I'm Nate, a 24-year old lighting programmer and technician who's been bouncing around the entertainment industry for 9 years.

_What's your background?_
What background? To be fair, I don't have the flair of a degree, the never-ending resume, nor the formal education to call myself a professional. But I've been studying on my own for 9 years to earn that title, and still yet I haven't earned it (in my mind, though my employers might agree or disagree!). I started in television hauling cable around for a television show in Las Vegas, then moved up to running an old Jands Hog 1000 for a church. From there, it was a succession of manuals and consoles to where I am today.

_How'd you get into lighting?_
I caught my love for lighting as a sophomore in college, but I was too deep into my studies in engineering (and far too poor) to switch careers. However, when the federal government denied my financial aid as a second-semester senior, forcing me to drop out of college, I quickly realized lighting was to go from being my hobby to being my career. Here I am.

_What have you done in the industry?_
Nothing the CB pros would consider noteworthy or awe-inspiring. I've worked and consulted for houses of worship, programmed for various venues, worked in theatre, worked for Disney World (and was laid off), and am now working for Universal Orlando.

For those of you who held together for those three long-winded paragraphs, thank you. As someone lacking the degree and the glowing resume, it's been difficult to turn my passion into a career. I seek a multitude of career guidance, advice, and learning opportunities. I'm willing to work my A$$ off at all times, and willing to learn even more so.

It's a pleasure to meet you all, and I hope I can offer something to the community!

-Nate


----------



## SteveB (Jan 12, 2016)

Nate, welcome to CB

First off you're a professional.

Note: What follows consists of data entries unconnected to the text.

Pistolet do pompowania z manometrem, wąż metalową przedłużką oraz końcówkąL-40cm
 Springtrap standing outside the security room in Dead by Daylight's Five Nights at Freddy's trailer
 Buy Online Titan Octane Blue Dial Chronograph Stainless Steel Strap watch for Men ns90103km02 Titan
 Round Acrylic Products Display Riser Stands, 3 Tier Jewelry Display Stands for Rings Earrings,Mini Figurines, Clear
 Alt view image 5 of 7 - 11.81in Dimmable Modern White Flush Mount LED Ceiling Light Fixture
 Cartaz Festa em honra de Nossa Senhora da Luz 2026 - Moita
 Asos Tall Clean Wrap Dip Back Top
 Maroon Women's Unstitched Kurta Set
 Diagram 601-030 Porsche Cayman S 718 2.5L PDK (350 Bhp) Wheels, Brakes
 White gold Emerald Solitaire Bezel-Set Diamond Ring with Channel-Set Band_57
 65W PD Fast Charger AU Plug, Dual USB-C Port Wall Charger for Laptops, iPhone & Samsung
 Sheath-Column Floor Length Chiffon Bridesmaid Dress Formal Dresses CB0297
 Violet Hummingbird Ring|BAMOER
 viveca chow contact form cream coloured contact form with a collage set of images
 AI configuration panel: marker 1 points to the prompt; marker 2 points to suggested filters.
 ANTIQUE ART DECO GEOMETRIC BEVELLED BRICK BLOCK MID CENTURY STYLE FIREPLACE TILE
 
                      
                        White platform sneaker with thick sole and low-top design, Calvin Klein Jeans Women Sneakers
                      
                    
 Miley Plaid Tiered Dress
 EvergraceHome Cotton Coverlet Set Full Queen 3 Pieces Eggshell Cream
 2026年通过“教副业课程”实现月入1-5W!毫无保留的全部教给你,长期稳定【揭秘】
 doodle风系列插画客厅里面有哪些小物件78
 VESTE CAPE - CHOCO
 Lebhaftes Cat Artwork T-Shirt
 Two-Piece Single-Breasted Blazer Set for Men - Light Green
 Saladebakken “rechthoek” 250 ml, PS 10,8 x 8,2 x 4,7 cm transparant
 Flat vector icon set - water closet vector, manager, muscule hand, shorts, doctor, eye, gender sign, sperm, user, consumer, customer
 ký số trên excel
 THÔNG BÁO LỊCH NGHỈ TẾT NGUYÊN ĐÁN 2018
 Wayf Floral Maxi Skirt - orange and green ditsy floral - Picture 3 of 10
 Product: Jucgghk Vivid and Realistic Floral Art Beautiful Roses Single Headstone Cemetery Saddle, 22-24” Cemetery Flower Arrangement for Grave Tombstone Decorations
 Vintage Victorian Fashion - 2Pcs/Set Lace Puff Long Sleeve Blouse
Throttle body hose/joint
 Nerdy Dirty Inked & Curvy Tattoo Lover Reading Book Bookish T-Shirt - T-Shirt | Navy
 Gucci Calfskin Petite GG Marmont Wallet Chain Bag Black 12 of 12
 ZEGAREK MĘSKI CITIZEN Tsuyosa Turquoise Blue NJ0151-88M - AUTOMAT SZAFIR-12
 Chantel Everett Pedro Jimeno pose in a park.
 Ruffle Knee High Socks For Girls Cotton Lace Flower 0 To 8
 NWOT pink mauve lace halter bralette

You're getting paid to do what you do, so that fact alone lets you tell folks who ask, that you're a professional lighting technician. 

You're lucky enough to know that lighting and theater (well, the entertainment business) is what you love, so count yourself as very fortunate. Tons of people are working careers they hate and you're not one of them and you've known this and been doing it since 15. Reminds me of me, and I'm now 41 years as a professional. 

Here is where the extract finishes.